The win also capped an impressive run for Ratcliff and the rest of the Warhawks. Madison’s top girls’ boat will send five rowers to Division I programs next season on scholarships, including Ratcliff, who will row at Virginia. Lexy Shannon will head to Alabama, while the trio of Caroline Williams, Karen Munyan and Hannah Brown will row at UCLA, Stanford and Gonzaga, respectively.
“Now that it’s over, it’s like the fire can die now,” Ratcliff said. “We’ve proven that we can be faster than those top-notch, powerhouse schools.”
The Eagles’ first eight caught a crab late in the boys’ final, dashing their championship hopes.
With 250 meters to go, Gonzaga stood in third behind Pittsburgh’s Central Catholic and Philadelphia’s St. Joseph’s Prep. The Eagles were making a final push for first when the oar for the boat’s second seat caught a crab, rowing vernacular for getting stuck in the water. Instead of returning to its rower for another stroke, the oar flew out of control, over its owner’s head, nearly knocking him out of the boat and dropping Gonzaga from third to last place in the six-boat final.
“It’s just one of those things that happens,” Eagles Coach Marc Mandel said. “In order for us to have the run we’ve had, we’ve had to have some luck along the way, and we ran into some bad luck today.”
The incident forced Gonzaga to finish the race with a time of 4:31.79 seconds, just over 17 seconds slower than its championship time a week ago at the historic Stotesbury Regatta in Philadelphia.
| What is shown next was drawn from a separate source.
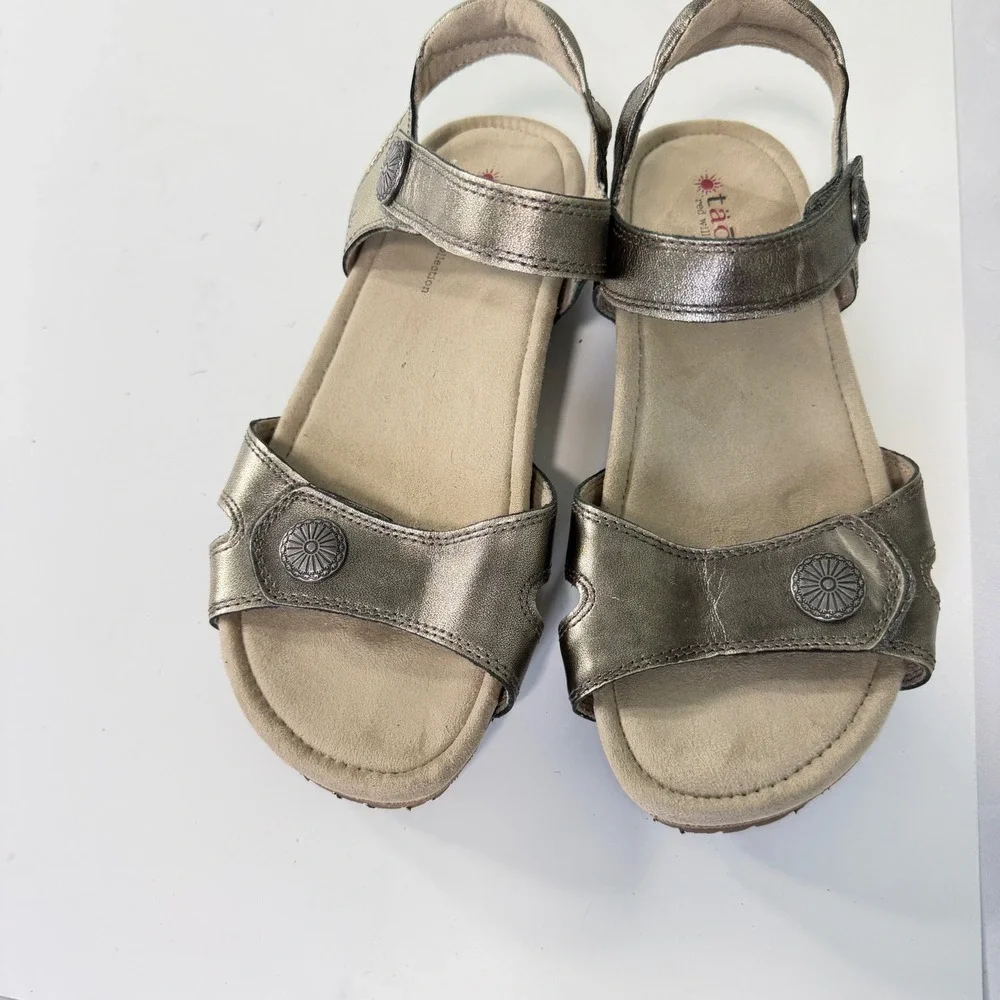 Taos Louise Metallic‎ Pewter Leather Comfort Sandals Red Willow Collection US 7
The only other local team in the boys’ first eight final, St. Albans, finished in fourth place with a time of 4:22.89 seconds.
“It was definitely really hard coming off the water. It was really emotional,” Gonzaga’s Trey Cruser said. “There were definitely tears shed, but then we all came together. I can smile looking back at my four years, and also the great season we had my senior year. Right now, I’m happy. I’m smiling.”